Hamid Ismailov is an Uzbek writer who was banished from Uzbekistan for “overly democratic tendencies”. He wrote for BBC for years and published several books in Russian and Uzbek. A good number of his books have been translated into English and can be found either through Tilted Axis or any other bookstore/bookseller. Some of my favorites include Dead Lake, the Manaschi, the Underground, and the book that inspired everything the Devils’ Dance.
Tilted Axis’ translation of The Devils’ Dance came out the same year I was working on my masters, and I bought it because it is a fictional account of Abdulla Qodiriy’s last days while in a Soviet prison. He goes through several interrogations and runs into his fellow writers and friends: Fitrat and Cho’lpon. Qodiriy is written as detached from events while Cho’lpon comes across as very sarcastic, as if this is all a game, and Fitrat is interestingly resigned to the Soviet’s games but seems to have some fight in him. Qodiry distracts himself from the horrors around him by thinking about his unwritten novel (which he really was working on when he was arrested by the NVKD). His novel focuses on Oyxon, a young woman forced to marry three khans during the Great Game. His daydreaming takes a power of its own and he occasionally slips back to talk with historical figures such as Charles Stoddart and Arthur Connolly-two British officers who were murdered by the Khan of Bukhara (not a 100% convinced they didn’t have it coming).
We spend half of the narrative with Qodiriy and the other half with Oyxon as she is taken from her home and thrown into the royal court of Kokand’s khans where she is raped and mistreated and has to survive the uncertain times of Central Asia during the Great Game. She is passed from Umar, the father, to Madali, the son, to the conquering Khan of Bukhara, Nasrullah who eventually murders her and her children. From a historical perspective, I have a lot of questions about Nasrullah because a lot of sources write him off as a cruel tyrant and nothing more which usually means there’s more…Before Oyxon and Qodiriy are taken to their deaths, there is a poignant scene where the two timelines merge into one that will stay with you long after the novel is over.

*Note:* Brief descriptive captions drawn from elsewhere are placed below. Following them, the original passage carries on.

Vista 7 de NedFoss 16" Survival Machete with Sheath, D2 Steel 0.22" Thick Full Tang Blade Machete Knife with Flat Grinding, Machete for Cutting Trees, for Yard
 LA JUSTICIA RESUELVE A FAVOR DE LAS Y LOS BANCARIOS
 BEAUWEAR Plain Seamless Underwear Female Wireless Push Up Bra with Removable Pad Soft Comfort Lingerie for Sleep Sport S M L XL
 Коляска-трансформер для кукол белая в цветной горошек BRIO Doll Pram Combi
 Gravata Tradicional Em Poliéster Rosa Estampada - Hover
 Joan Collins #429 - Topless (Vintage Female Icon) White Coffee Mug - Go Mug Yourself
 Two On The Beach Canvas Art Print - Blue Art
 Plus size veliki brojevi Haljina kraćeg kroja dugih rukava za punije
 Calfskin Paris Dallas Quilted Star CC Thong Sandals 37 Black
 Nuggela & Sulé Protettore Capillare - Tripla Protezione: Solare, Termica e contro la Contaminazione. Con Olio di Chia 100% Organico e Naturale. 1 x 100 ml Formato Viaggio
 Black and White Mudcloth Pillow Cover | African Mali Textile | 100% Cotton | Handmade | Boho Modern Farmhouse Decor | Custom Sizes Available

The book is a masterpiece exploring themes of colonialism, liberty, powerlessness in face of overwhelming might, the power of the human mind and spirit, the endurance of ideas, even when burned and “lost”, as well as being a powerful historical fiction about two disruptive periods in Central Asian history. It’s also a love letter to the three literary giants of Uzbek fiction: Abdurauf Fitrat: a statesmen who crafted the Turkic identity of Uzbekistan, a playwright and statesmen, Abdulla Qodiriy who created the first Uzbek novel (O’tgan Kunar which was recently translated by Mark Reese and can be bought in most bookstores), and Cho’lpon who created modern Uzbek poetry (you can buy his only novel Night translated by Christopher Fort and a collection of his poems 12 Ghazals by Alisher Navoiy and 14 Poems by Abdulhamid Cho’lpon translated by Andrew Staniland, Aidakhon Bumatova, and Avazkhon Khaydarov in any bookstore).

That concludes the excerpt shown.